Plenary: Planning Transportation Capacity at Amazon
By Violet Chen
On Tuesday morning, a room full of participants joined Dr. Russell Allgor, Chief Scientist of WW Ops and AMZL at Amazon, to learn about how Amazon designs and operates its logistics network. Widely recognized for fast delivery and extensive product offerings, Amazon’s success is indispensable from an efficient, dynamic, and robust logistics network. In his talk, Dr. Allgor discussed technical and organizational challenges that Amazon encounters in network design, introduced the current solutions addressing these challenges, and highlighted some opportunities and challenges that remain.
Dr. Allgor started with an overview of the fulfillment and delivery operations at Amazon. A couple of services were featured; for instance, Prime customers enjoy a broad range of free delivery options: free two-day and one-day delivery from coast to coast, free same day delivery in select locations, and free two-hour delivery with Prime Now on daily essentials. Regarding fulfillment and delivery, Amazon has a three-fold mission: low cost, fast speed, and wide selection. While attaining two of these goals is not so hard, he noted that achieving all three is much more challenging. To set the stage for discussing potential solutions, Dr. Allgor introduced the infrastructure of the Amazon logistics network. The network consists of facilities including fulfillment centers (FC), sortation hubs, Prime Now hubs, delivery depots, and transportation vehicles (trailers, vans, planes), which together serve for storage, shipping, and delivery.

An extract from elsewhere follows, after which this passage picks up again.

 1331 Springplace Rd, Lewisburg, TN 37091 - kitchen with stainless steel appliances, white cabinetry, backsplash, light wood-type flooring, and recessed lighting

The transportation network design should primarily support decisions in three aspects: what infrastructure to install, how to leverage the installed capacity, and how to schedule freight to increase delivery speed. Dr. Allgor expanded on two specific design topics. The first topic is what connections to enable and how much capacity is required. He explained two candidate network models: a point-to-point method where each pair of FC and delivery depot has a designated truck for transportation, and a hub-to-spoke method where FCs and delivery depots are connected through central sortation hubs. Formulating a correct optimization model is typically not the main challenge in deciding optimal connections. Dr. Allgor pointed out several more difficult challenges, such as, how to design efficient metaheuristic to solve large models, and how to implement a deterministic model for execution systems operating in an online fashion.
The second topic discussed in detail was how to model and optimize time in planning. Dr. Allgor listed some examples of decisions to be made within this aspect: deciding sortation cycle at sortation hub, scheduling trucks at different delivery stages, and choosing operation methods for loading and unloading. The research team at Amazon developed a resource task network (RTN)-based approach to represent these planning decisions. Connecting their problem with RTN allowed Amazon to leverage the rich knowledge on RTN, which the chemical process engineering field has been developing for over two decades. With the RTN-based representation, they developed a mixed integer program formulation as primary framework for optimizing time-related decisions.
Dr. Allgor summarized his talk by emphasizing the importance of scalability and flexibility in practical modeling applications. An effective model should be maintainable and generalizable in the long run, and be robust to human errors.